The main goal of the outreach part of this project is essentially to get more secondary school students interested in science. Here, I'm referring to science in general, which includes fields related to math, engineering, and technology. The tasks at hand to do this genuinely are quite challenging. There's a multitude of perspectives that we need to consider:

1. Developing the program content: How should the program be designed and what content should be included to maximize outcomes? Some general aspects that might be included could be on delivering knowledge to the students to introduce key scientific principles that matter to the program, demonstrating the practical aspects of the scientific knowledge to establish their usage and importance in the real world, and perhaps building interactive sessions with the students so they become directly "engaged" in science. Of these three, which aspect will give the most impact? How do we integrate these three aspects into a whole package of an outreach program?

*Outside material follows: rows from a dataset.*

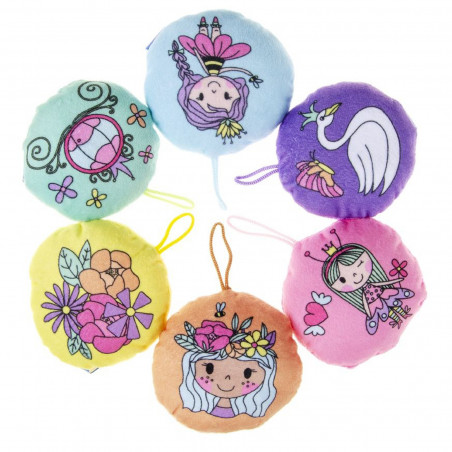 Mini cuscino di peluche delle principesse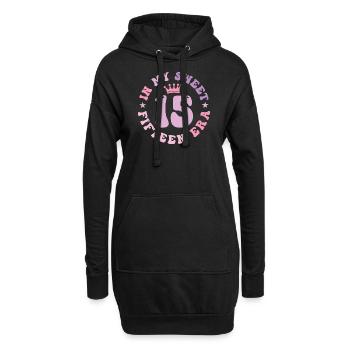 In My Sweet Fifteen Era 15. Geburtstag 15. - Hoodie-Kleid - Schwarz - Vorne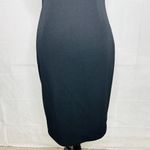 Cache  Black Cocktail Dress 90s Y2K Black Sz 2 Beaded Top Vintage V-Neck Photo 2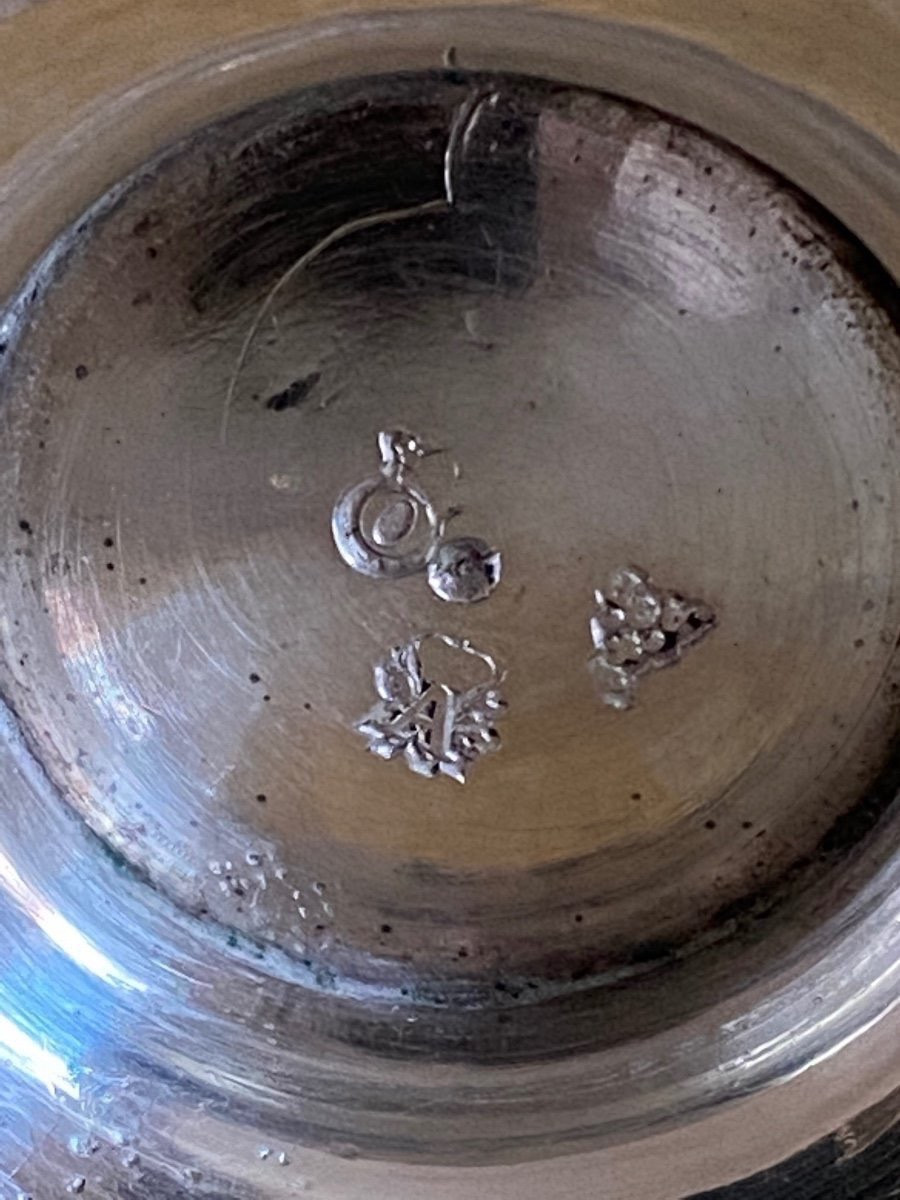 Engraved Tulip-shaped Cup, Silver, Paris, 1754-photo-4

2. Identifying and measuring outcomes that matter: One of the relevant outcomes should be in terms of the increase in the number of students getting more interested in science after going through the program. How do measure more subtle aspects of the outcomes, e.g. students' behavior towards science? Will it be a one-off outcome where students' interest diminish afterward? What can we do to make any positive outcomes more permanent, where students' interest in science can be sustained over a long period of time?
3. Using relevant aerospace technology: What tools from the aerospace side that we should use to get the students genuinely excited about aerospace in particular and about science in general. Can we just get (read: buy) these tools anywhere? I think the impact is greater if we design and build them ourselves. How far into the design and building process do we have to go into and that we can share with the students at the secondary school level? I believe if we start from scratch this project can be more influential in terms of affecting students' motivation and aspirations positively rather than if we simply buy things off-the-shelf to demonstrate these things to the students.

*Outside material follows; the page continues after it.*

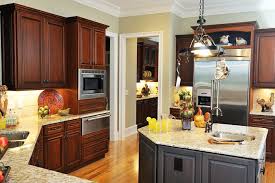Dark Cherry Cabinets Dark Kitchen New Kitchen Cabinets Medium Wood Kitchen Cabinets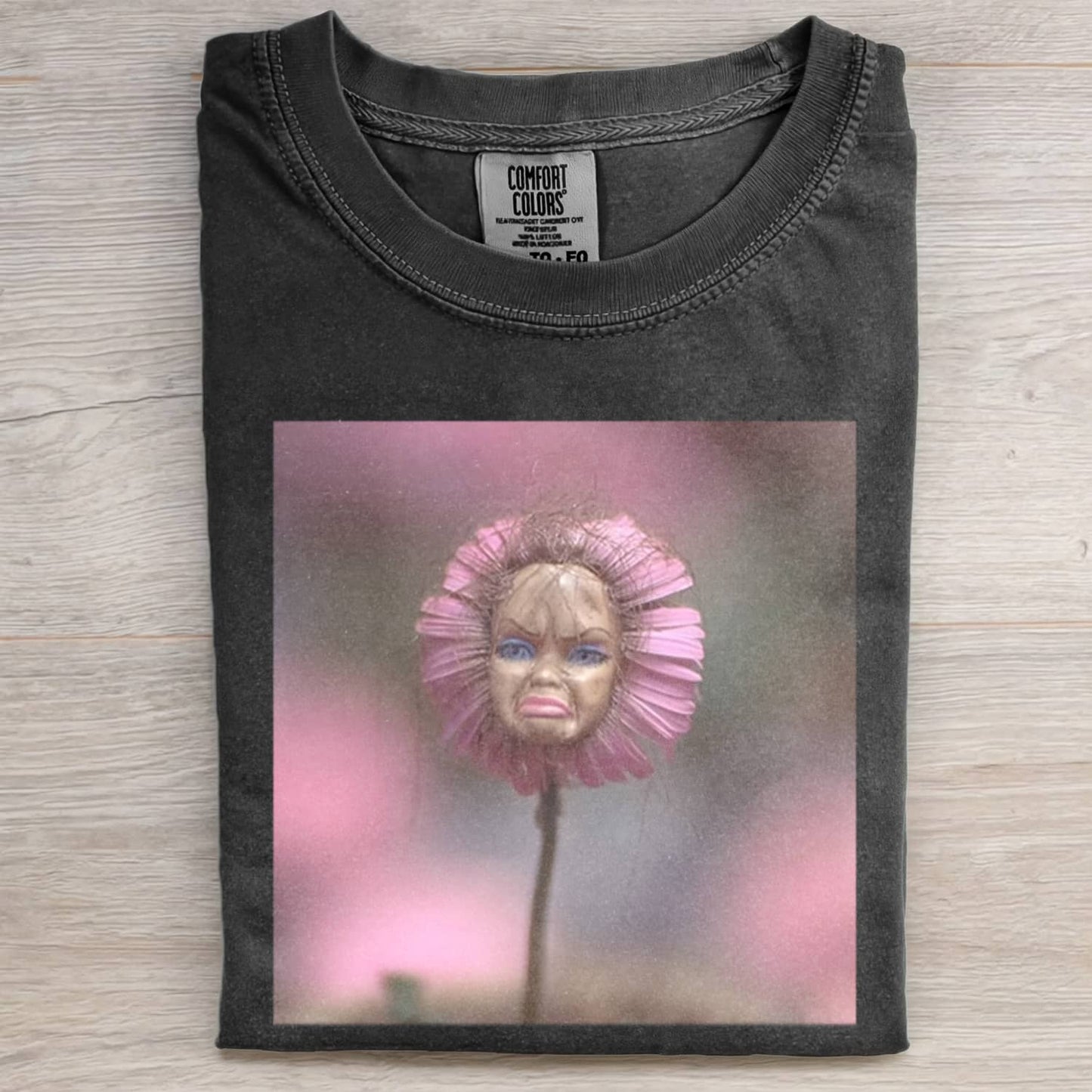 DISGUSTED DOLL FLORAL GIRL FUNNY MEME TEE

4. The scale of running the program: The problem is a national problem, which means the scale of a program that can make a real impact should be large. But our attempt to do it will be limited based on our experience and resources. So what should be our strategy to maximize the value of information we get from the program? Some things to consider are the difference between students in rural/urban schools, students' varying exposure to science and technology, dominant factors in the program that produce real changes in students' attitude towards science, etc.
5. Language and culture: Most of the world's information are written in English, including educational resources on science for secondary/high school students. Is this - the language barrier - an influential factor affecting students' attitude towards science in Malaysia? Is our popular culture supportive to build a healthy attitude towards science, e.g. promoting inquisitiveness from young ages?

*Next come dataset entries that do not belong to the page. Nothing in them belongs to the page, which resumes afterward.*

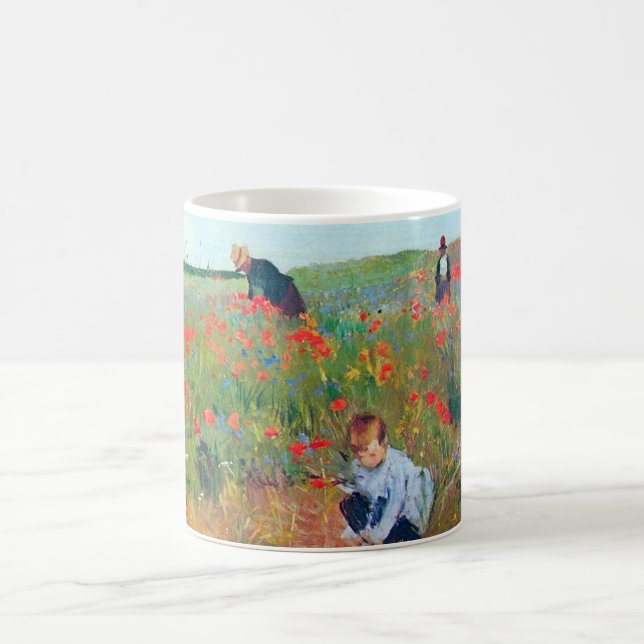 Mug Ramasser les fleurs dans un champ, Mary Cassatt (Centre)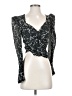 ASTR The Label 100% Polyester Black Long Sleeve Blouse Size S - photo 1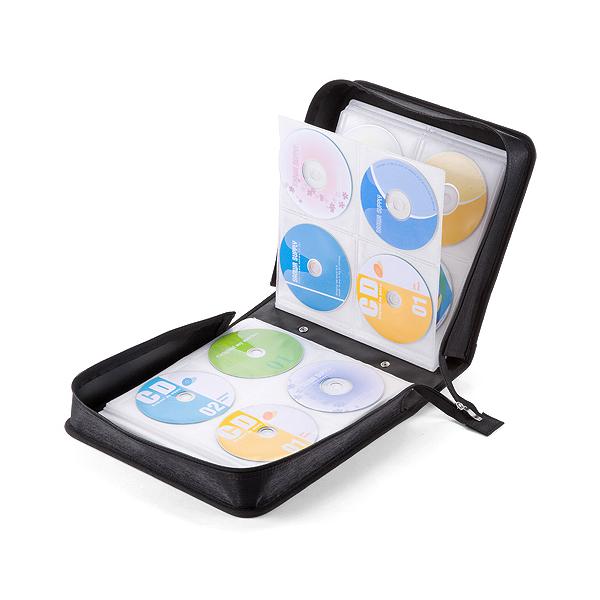 他サイト： CD DVDケース 320枚収納 ブラック out-EZ2-FCD030 アウトレットの商品画像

Taking all the above into consideration, our initial planning is to engage a few secondary schools, probably surrounding the nearby area but hopefully with varying demographics and performance to get data from a wide range of perspectives. With the current resources and funding that we have, each of the outreach program at these different schools will be a short one or two-day program. And within this limited time, we have to cram in a number of different modules, including a learning module to "uncover" relevant scientific principles but at the level that these students can appreciate, a demonstration module to show the practical use of these principles, a practical session module where the students get to apply these principles by themselves. An obvious challenge that we have is how to make these modules interesting. There's no point of doing all these if the modules don't excite students' imagination and interest towards science.

Reading the above, one may come to conclude that this project is heavily centered on the education side. The answer is yes (but more rightly fit into the engineering education category). We want to do this because we want to address a real and urgent problem, and it just happens that this "interesting" problem is more of a social/educational problem. But it's also a 'science' problem (as opposed to a scientific problem) - if less people are getting interested in science, how can that NOT BE a problem for science (in Malaysia)? It's a question of sustaining a pipeline of future scientists and engineers and technologists and mathematicians. So there's definitely a big potential here for somebody from these science fields to help contribute to tackle the problem. And that's where we come in...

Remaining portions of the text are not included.